[What to do]
Send back all of the records, each one exactly as written.

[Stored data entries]
* * * * * * * * *
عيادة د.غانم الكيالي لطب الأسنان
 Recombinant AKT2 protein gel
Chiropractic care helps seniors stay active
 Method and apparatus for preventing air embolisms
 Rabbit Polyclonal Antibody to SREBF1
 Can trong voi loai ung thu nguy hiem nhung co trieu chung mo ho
* * * * * * * * *
[Solution]
عيادة د.غانم الكيالي لطب الأسنان
 Recombinant AKT2 protein gel
Chiropractic care helps seniors stay active
 Method and apparatus for preventing air embolisms
 Rabbit Polyclonal Antibody to SREBF1
 Can trong voi loai ung thu nguy hiem nhung co trieu chung mo ho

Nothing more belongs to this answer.